Causes of Anger in Relationships

The first major survey of laypeople's experiences of anger was published by James Averill in the 1980s. Averill found that anger was a profoundly interpersonal emotion, experienced most often within relationship contexts and elicited by perceptions that others were behaving badly or in ways that violated important interpersonal rules and standards. Since the 1980s, a number of empirical studies have confirmed that almost any event or stimulus can elicit anger in relationships depending on how this event is appraised or interpreted by an individual. Specifically, to the extent that a stimulus (such as a partner's unwillingness to share household chores) is appraised as unwanted, undeserved, and “not right” (typically expressed as “unfair”), then an individual is likely to experience anger in response to that stimulus. Further, to the extent that the stimulus is appraised as intentional (i.e., one believes one's partner is being deliberately lazy) and controllable (i.e., one's partner is not physically disabled and knows how to operate a vacuum cleaner), then an individual's anger may be intense.

Other kinds of cognitive appraisals may moderate the experience of anger.

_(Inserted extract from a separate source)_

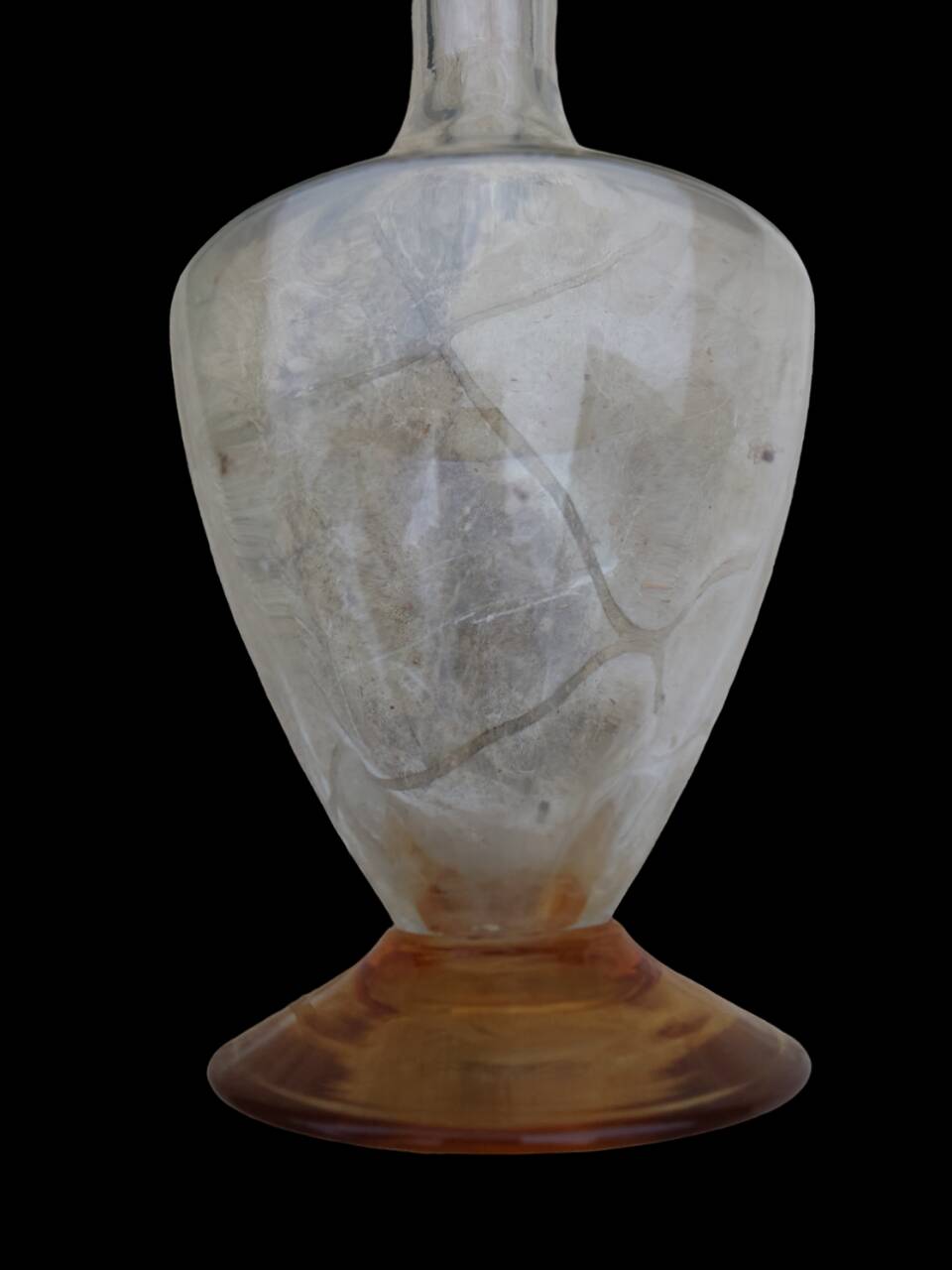 Amber liquor service 1930 glass and faceted carafe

For example, when the kinds of anger-eliciting appraisals described above are coupled with perceptions of powerlessness (i.e., one's partner clearly has no intention of ever doing household chores), one may experience what Attachment Theorist John Bowlby referred to as a futile “anger of despair,” as opposed to the potentially functional “anger of hope.” Further, researchers have found that appraisals of powerlessness in anger-eliciting situations may be associated with feelings of hatred for the offending partner, whereas appraisals of actual and/or moral superiority may be associated with contempt. Overall, however, the key cognitions associated with anger concern perceived “wrongness” or injustice and other-blame. Little wonder, then, that some have referred to anger as the judicial emotion.

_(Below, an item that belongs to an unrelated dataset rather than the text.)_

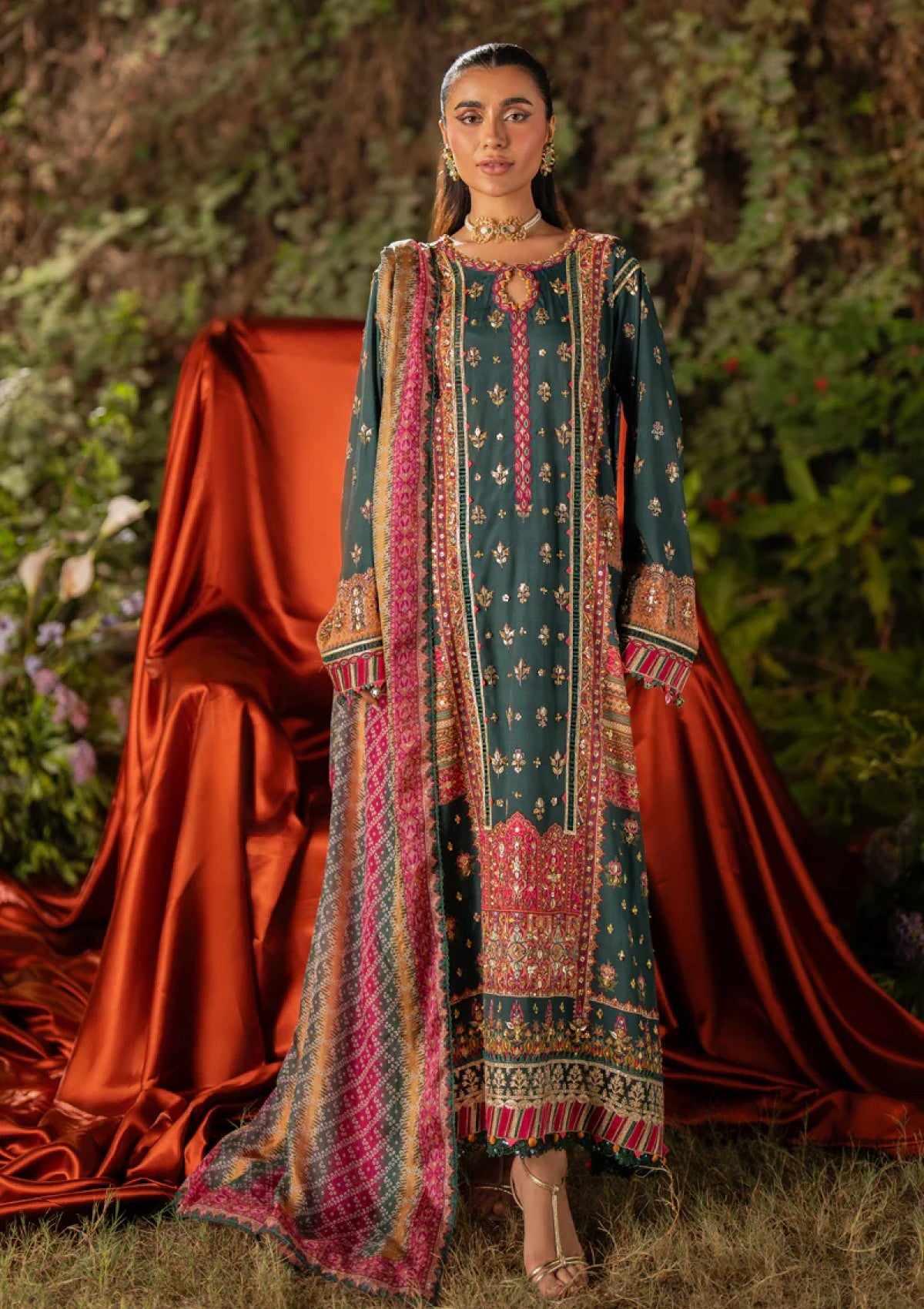 Winter Collection - Qalamkar - Luxe Silk 24 - UA-02 NINA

Motivational and Behavioral Features of Anger

Along with judgmental cognitions, anger is associated with powerful urges, or impulses to action. Physiologically, anger prepares the body for removing obstacles and winning battles. The angry individual's heart rate and blood pressure rise, and he or she feels energized, focused, strong, and, importantly, right. Accordingly, researchers have found that a key defining feature of anger in relationship contexts is a desire to confront or engage with offending partners and make them see the error of their ways. Anger is also associated with powerful urges to punish offenders and/or to take revenge on them. Such desires may manifest in verbal and nonverbal displays of intimidating behaviors such as shouting, stamping, throwing objects, or displaying physical aggression and violence. Some individuals also express anger by ignoring, ostracizing, or attempting to inflict emotional pain on offending partners. Importantly, however, angry impulses are not always acted upon, particularly when such impulses are aggressive or destructive. Indeed, researchers have found that people typically report trying to control the expression of anger in close relationships, though there are some important gender differences in the ways in which men and women express and regulate anger.